Дело в том, что под конец Века Разума количество «эмансипированных», чувствовавших себя ни рыбой, ни мясом, выросло многократно. Кто-то терпел неприязнь спокойно, полагая (в общем, справедливо), что вековые предрассудки за 10–20 лет не переживешь, тем более что карьере эти предрассудки особо не мешали, но кому-то терпеть было и поперек души, и они начинали «искать себя», скажем так, от противного, возвращаясь к истокам. Но не к религиозным (современные ж, блин, люди!), а к истории, культуре, языку, в конце концов, — короче говоря, ко всему тому, что, помимо соблюдения обрядов, превращало их в общность. Идея носилась в воздухе, дело было лишь за человеком, способным сформулировать смутный общественный запрос, — и таким человеком стал Теодор (Беньямин-Зэев) Герцль. Фигура была масштабная, очень интересная, однако в рамках ликбеза для нас важно только то, что он, всю жизнь прожив человеком на 99 % эмансипированным, считал себя обычным немцем, — и только после знаменитого «дела Дрейфуса», что называется, прозрел. А прозрев, начал думать, как поступить, и конечным итогом раздумий стала книга «Еврейское государство», где теория, в которой нуждались многие, была наконец изложена четко и доступно.
Основной тезис, по сути, был один: «еврейский вопрос не является ни религиозным, ни экономическим, ни социальным, а только национальным». То есть евреи, заявлял он, не набор религиозных общин, а единый народ, волею судьбы утративший свой «национальный очаг» и всеми нелюбимый, поскольку никто не любит чужаков в доме. Таким образом, «народу без земли» следует подыскать «землю без народа», с помощью великих держав получить на нее право и заселить, покинув негостеприимную Европу.

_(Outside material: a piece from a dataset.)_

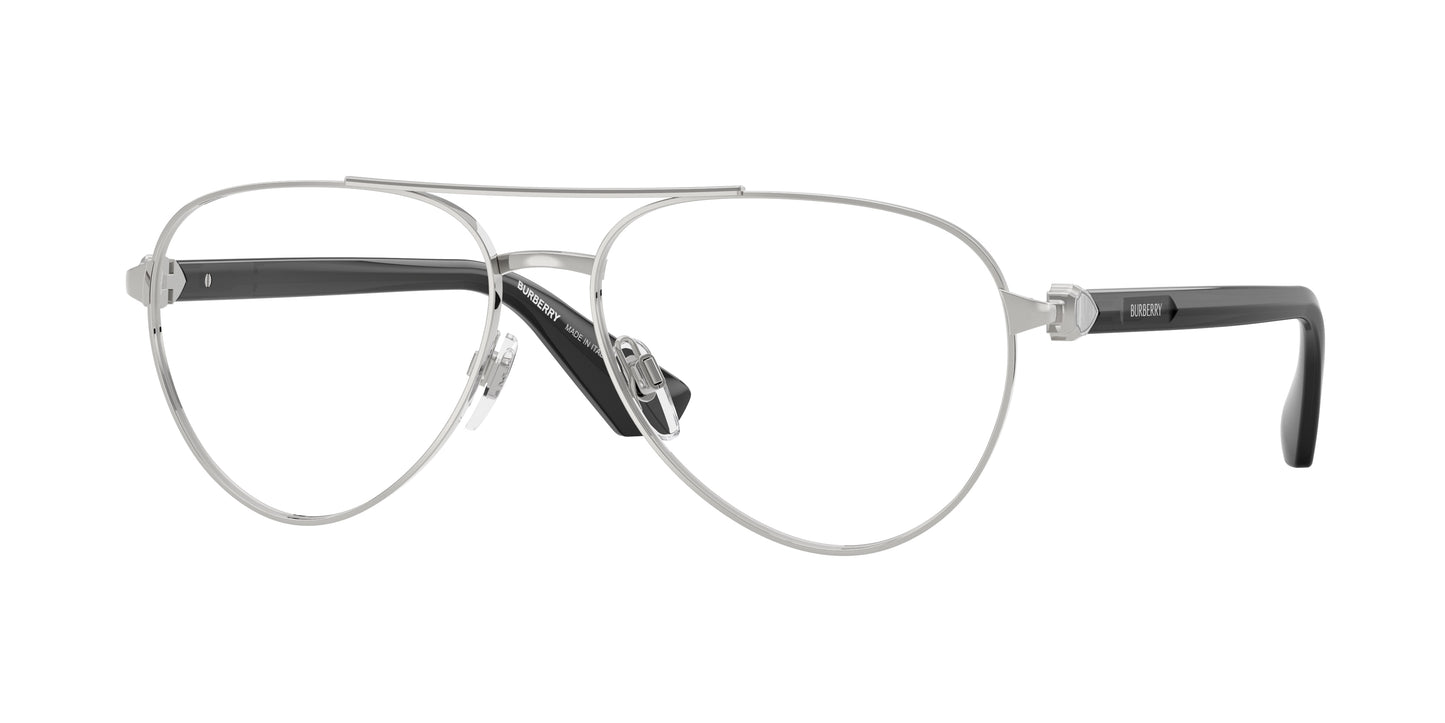 Burberry BE1397 Pilot Eyeglasses  1005-Silver 57-140-15 - Color Map Silver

А уж потом, создав собственное государство (разумеется, «культурное, прогрессивное и цивилизованное»), как равный с равными, влиться в «сообщество европейских наций». Многое в этой книге, именуемой некоторыми Библией Сионизма, не совсем соответствовало истине, — например, автор плохо понимал, кто такие евреи вообще, считая таковыми только ашкеназов, «европейцев Моисеева закона», таких, каким был сам (о восточных евреях-сефардах он если что и слышал, то мало, а про эфиопских иудеев не знал вообще ничего). Но эти нюансы на тот момент ничего не определяли. Зато Герцль был с избытком наделен волей и даром убеждения. Всего за несколько лет (даже книга еще не было напечатана), он создал кружок единомышленников, раскинул сеть связей по всей Европе и пробил путь не только в кабинеты богатых евреев-благотворителей, помогавших деньгами «палестинофилам», вплоть до Ротшильда, но и в правительственные кулуары тех самых великих держав. А через год в Базеле состоялся и первый Всемирный Еврейский Конгресс, на котором была создана Всемирная Сионистская Организация. «Сионистская», — потому, что после долгих и трудных дебатов единственной площадкой, подходящей для строительства «национального дома» была признана Палестина.
Собственно, сам Герцль был, скорее, «территориалистом», то есть, главным считал добиться собственного государства, а где, — хоть в Палестине, хоть в Аргентине, хоть в Африке, — не считал принципиально важным, но отстоять свою идею не смог. Главным образом, благодаря крайне жесткой позиции полностью влившихся в состав ВСО «палестинофилов», для которых этот вопрос принципиален, некоторого числа раввинов, согласных совместить традицию с новациями, но главное — делегатов из России. Те, сами по себе люди вполне светские, убедительно доказывали, что главный «мобилизационный резерв» новорожденной организации, как ни крути, местечковая, крайне религиозная беднота Восточной Европы, стронуть которую с места можно, только поманив понятными ей ценностями. Делегаты от Западной Европы, за которыми, кроме немногочисленных кружков романтиков, никто не стоял, признали их правоту и, таким образом, Отец-Основатель остался в меньшинстве. Судя по всему — в том числе и по его личной переписке, — он довольно тяжело переживал это, пытался переубедить коллег, с восторгом ухватился за предложенную англичанами идею переселения евреев в Восточную Кению с перспективой создания там «фундамента национального дома», но опять столкнулся с жестким противодействием. В результате же, когда проект, казавшийся ему очень перспективным, — по причине резко отрицательного отношения коллег, — рухнул, не пережил такого потрясения и скончался совсем еще не старым человеком. Однако поезд, стронутый им с места, уже пошел. Романтика «создания народа» и «строительства национального дома» захватила многих. В Западной Европе их по-прежнему было сравнительно мало, в основном интеллектуалы-романтики, зато их агитация дошла до еврейских олигархов, и те начали раскошеливаться, а вот на востоке тон задавали выходцы из бедных и чуть выше, чем бедные, слоев, малообразованные, но до крайности фанатичные, социалисты до мозга костей.